Ни верующие, ни террористы не вызывают у меня особых симпатии. Но я знаю, как работают их мозги. Мои работают так же. По тем же трубочкам в глубины черепа мне поступает тот же опиат – глазки становятся сладкими, а действия безрассудными. Как и все те, кто ползёт к поясу богородицы и отрезает головы неверным, я готов утопить целый мир в благодати своих галлюцинаций: попы гирляндами висят, а мы гуляем нагишом под бит, качаем кадыком и прочим...
Реальность несомненна, но пластична. Заливаясь её гущей, я не трезвею, и живу в соответствии с газом фантазий – как смотрю, так и чувствую. Вот, например, пятно на твоей простыне. "Это не говно, а конфета упала", говоришь ты, краснея. Какую роль в этом играет правда? Если я скажу, что это говно, то пятно запахнет. Подумаю о конфете, и рот наполнит слюна. Значит, реальность – это не только факты, но и выбор того, что ими считать. Свой выбор я сделал: окно приоткрыто, комнату наполняет март, и твоя конфета капает на простынь.
2
Масштабность воображения определяет масштабность мечты. Можно мечтать о собаке, а можно – о справедливости. Последняя, в отличие от питбуля, не сделает тебя счастливым, и скорее всего закончится катастрофой. Как известно, высота полёта влияет на радиус разброса потрохов при падении. И, всё же, лучше падать, чем ползать. Глядя на птиц, я вижу беспредел простора, и это меня убеждает не подрезать борзые крылья своих фантазий.
Тут, правда, что-то хрустнуло и надломилось. Раньше мечта поджигала надежду и, ослеплённый её обещанием, я бросался ей вслед без раздумий. Итог дерзания не имел значения – ажиотажа предвкушения было достаточно. Со временем, однако, моя надежда стала подозрительной.
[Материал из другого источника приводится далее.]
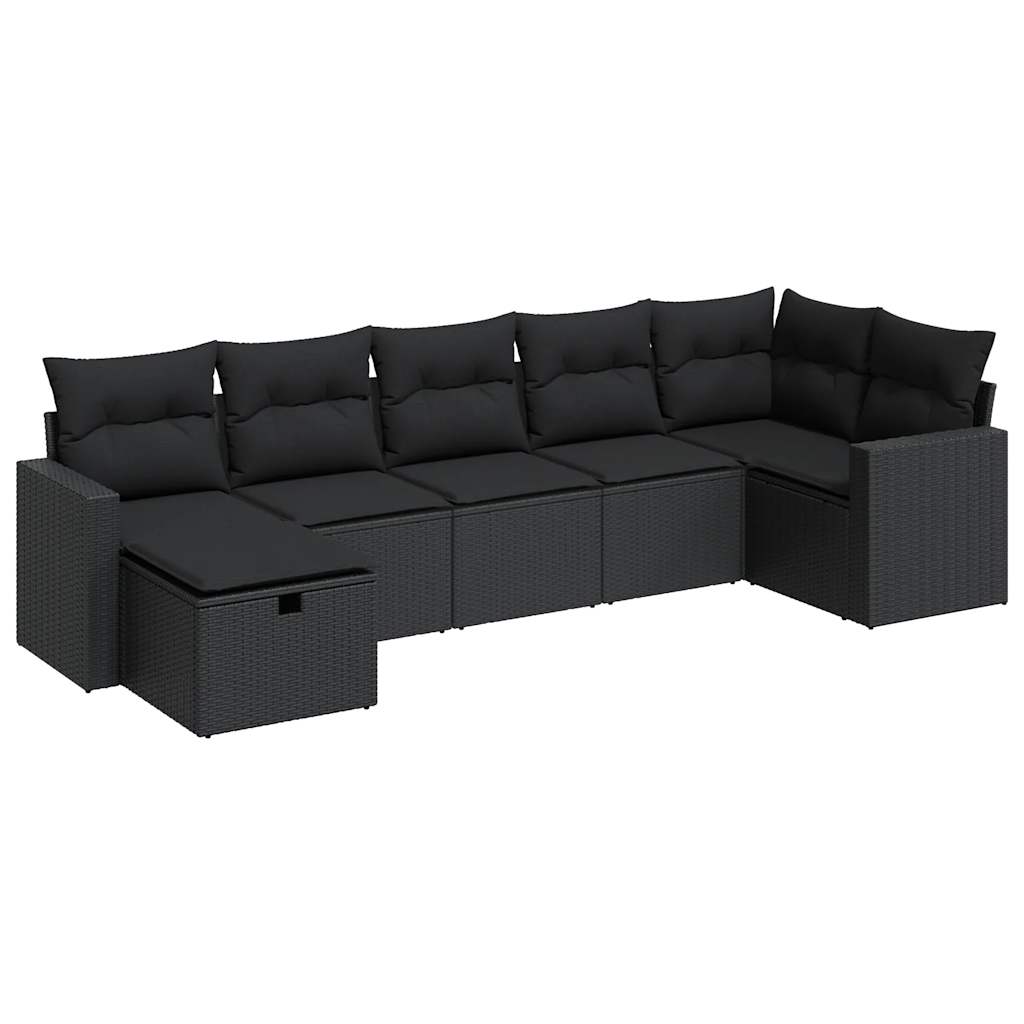 Set Divani da Giardino con Cuscini 7pz Nero Polyrattan 3325401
Мечта перестала её убеждать. Всякий порыв теперь пресекается осознанием того, что мечта, подлинная мечта, всегда требует невозможного. Это разоблачает бессмысленность любых дерзаний. Стоит мне размечтаться, и из будущего на меня прёт локомотив окровавленного лба.
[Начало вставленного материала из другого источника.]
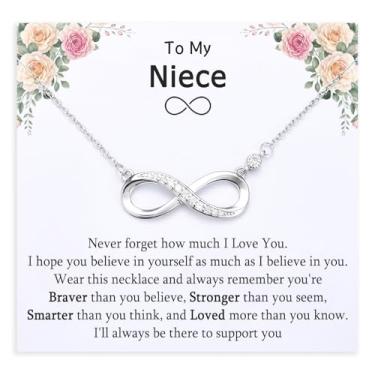 Imagem de PODLEV Colar de presente para mulheres e meninas, colares de zircônia cúbica infinita de prata presentes para filha, neta, sobrinha, irmã amiga, aniversário, Natal, formatura, mães, dia dos namorados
Это сезонное состояние погружает меня в мысли о важности мечты, её размаха и пьянства. Транс, с которым многие спешат покончить, чтобы скорее выбраться в новое, научное время, представляется мне той музыкой, без которой я не вижу смысла в будильнике.
Человек – это скопление видений. Отобрав их, останется лишь скорлупа, набор формальных биологических процессов. В области мечты, её желаний и транса, проходит граница, разделяющая жизнь и существование. Либо ты отращиваешь крылья, либо брюхо.
Умеряя ожидания в погоне за трезвостью, ты умеряешь градус бытия, и, значит, саму температуру жизни. Люди в гробу, и люди без мечты – это одни и те же люди. Разница лишь в том, что первые лежат неподвижно, а вторые берут ипотеку и заводят детей, чтобы похлопывать их по крыльям, мол, "Селяви, смирись".
Нет уж, спасибо – лучше выжить из ума, и плыть по лихорадке сновидений, пока не хлоп, и клац, и всё, а дальше – пох.